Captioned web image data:

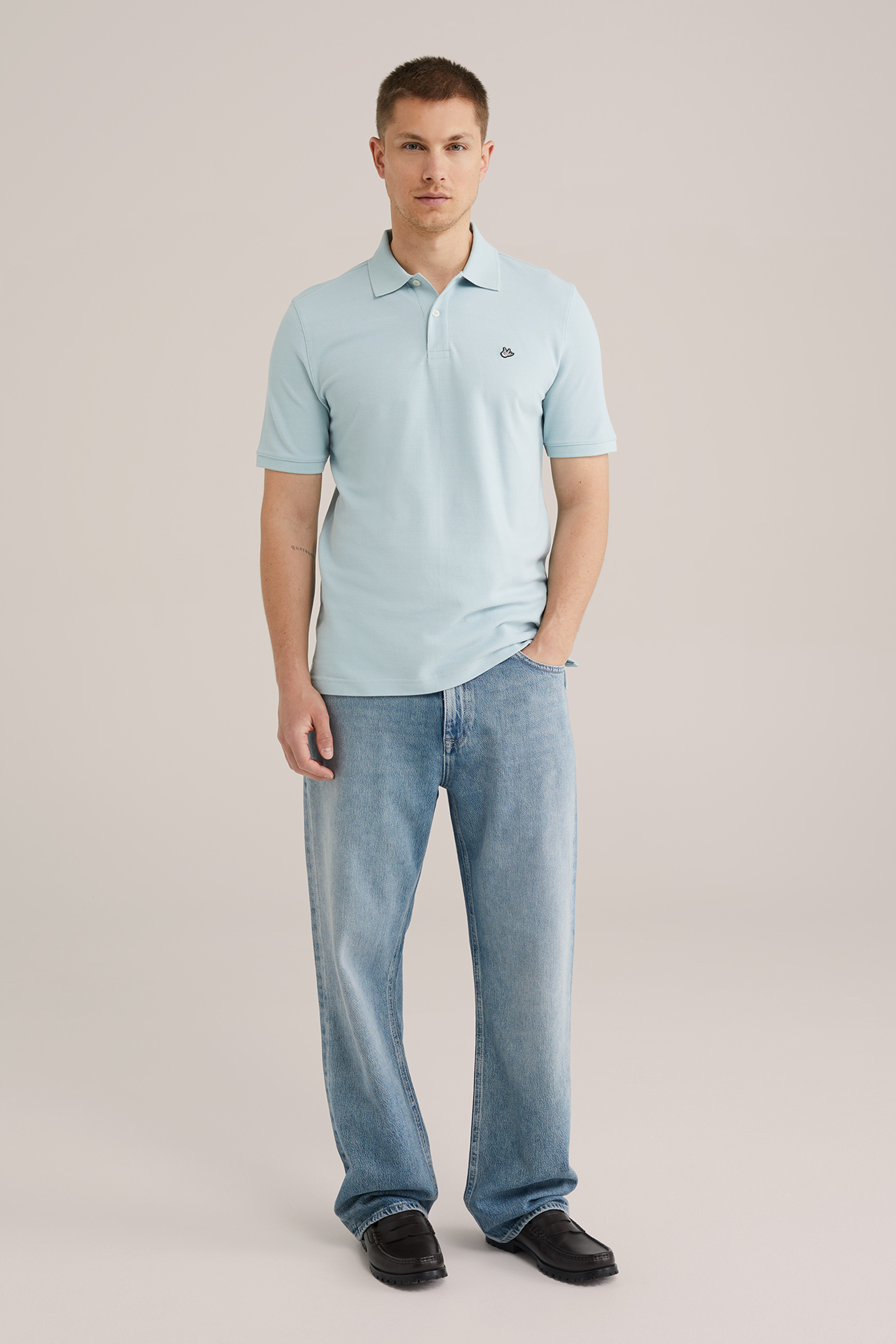 Heren Slim fit polo met structuur en embroidery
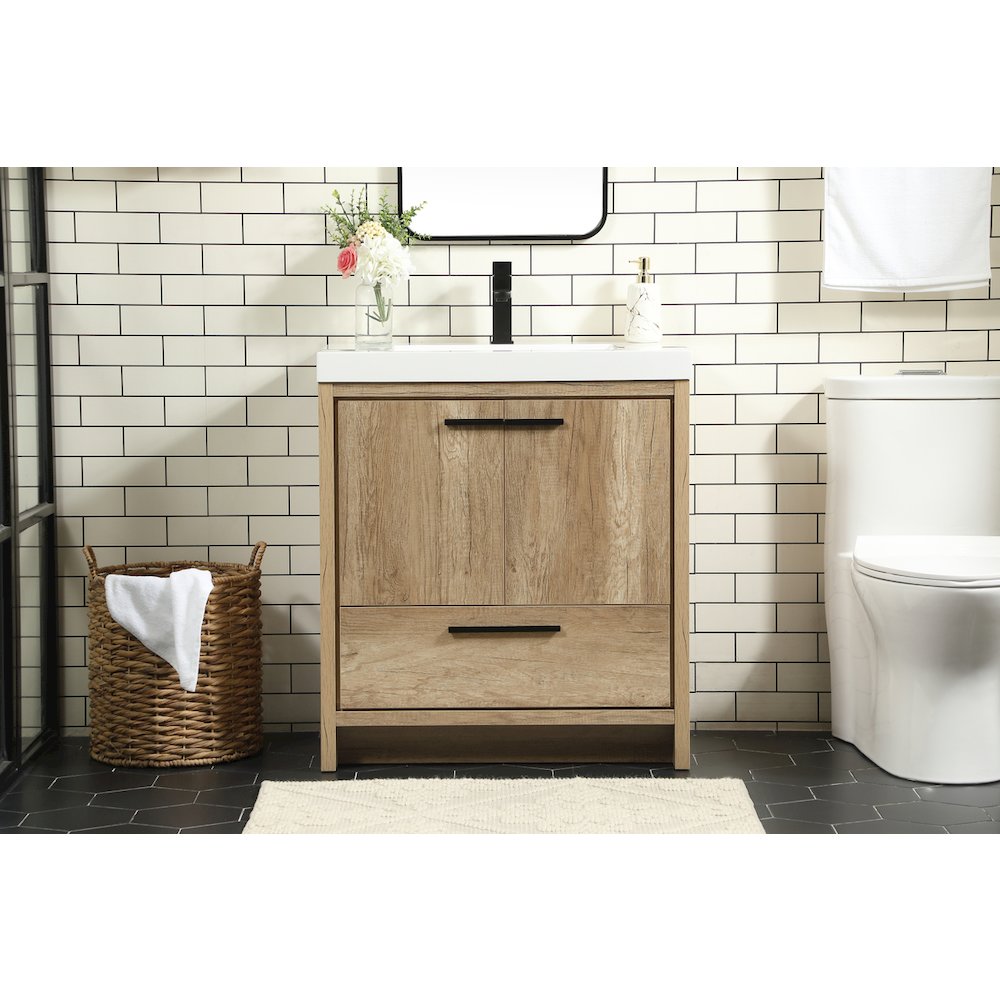 30 inch Single bathroom vanity in natural oak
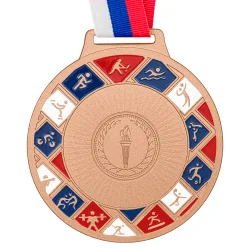 Медаль MZP 518-80/BM с лентой (D-80мм, s-3 мм)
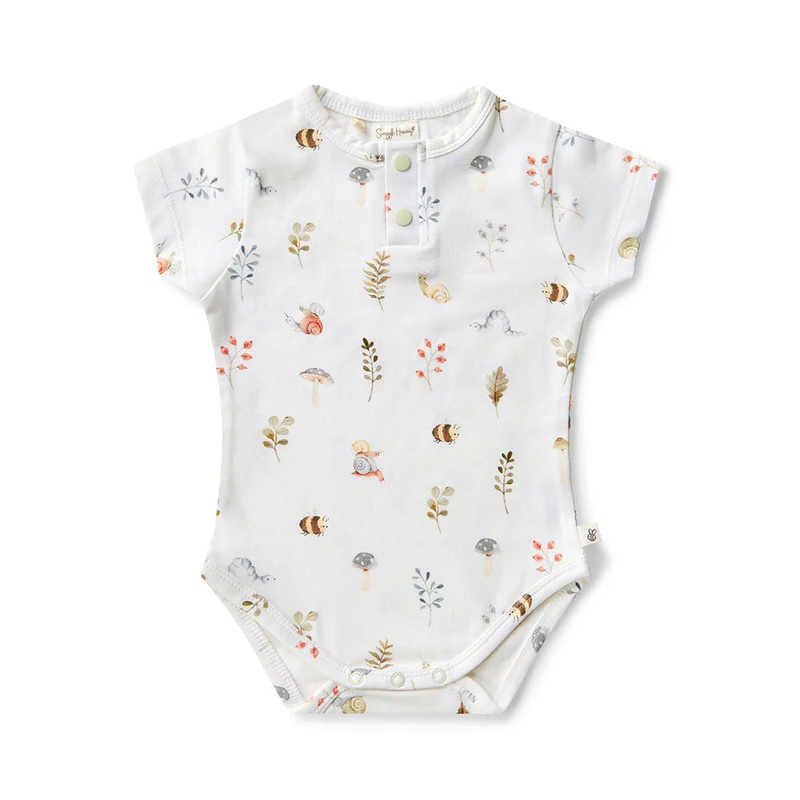 Snuggle Hunny - Organic Short Sleeve Bodysuit | Garden Friends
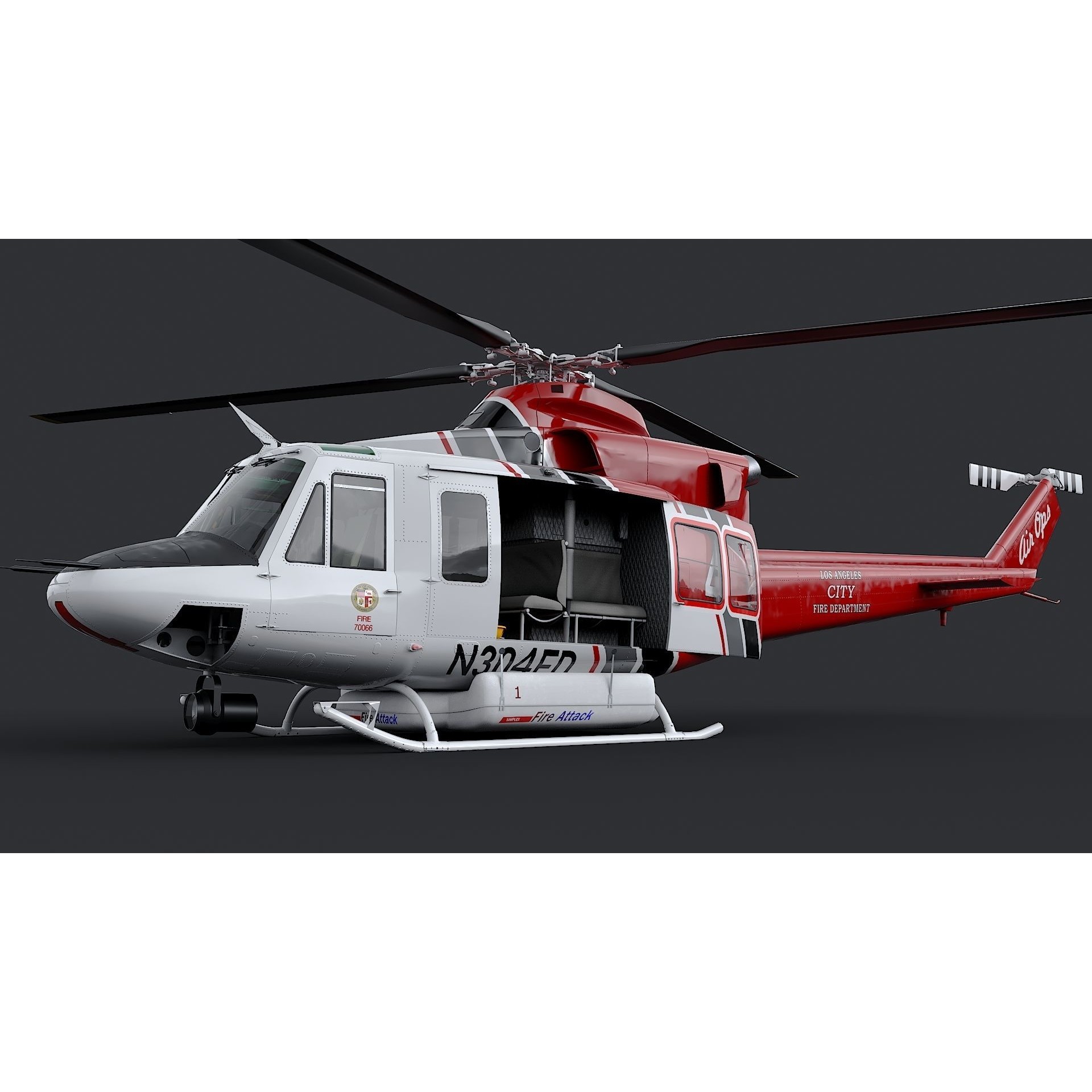Bell 412 LAFD - Low-Poly Game-Ready 3D Model - View 11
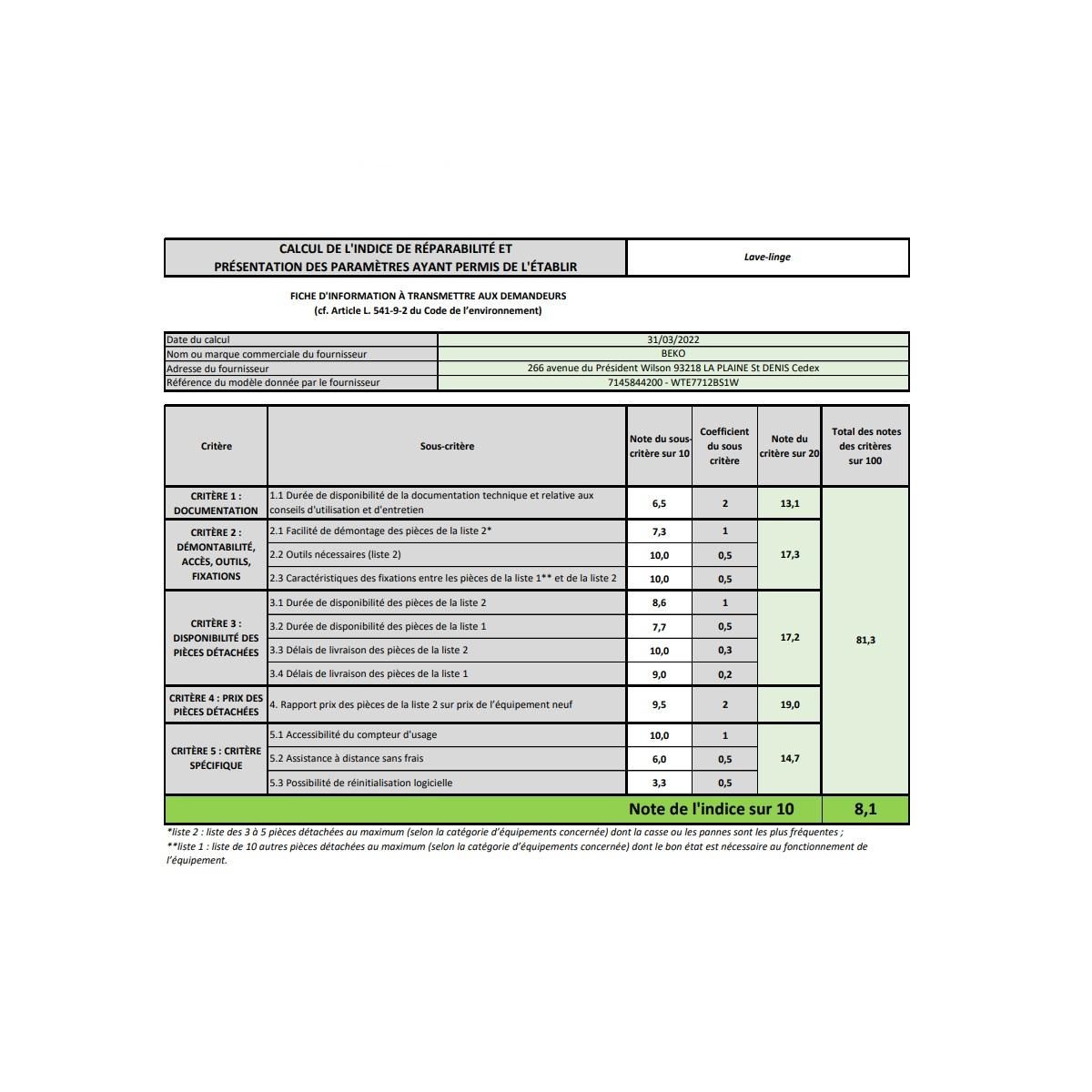Beko Lave-linge hublot 7 kg 1400 tours/min - WTE7712BS1W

**Exercise:** Set down exactly, from the line that contains "Медаль MZP 518-80/BM" through the last line of the data, each line as it stands, and leave the pictures out.

**Solution to this exercise:**
 Медаль MZP 518-80/BM с лентой (D-80мм, s-3 мм)
 Snuggle Hunny - Organic Short Sleeve Bodysuit | Garden Friends
Bell 412 LAFD - Low-Poly Game-Ready 3D Model - View 11
Beko Lave-linge hublot 7 kg 1400 tours/min - WTE7712BS1W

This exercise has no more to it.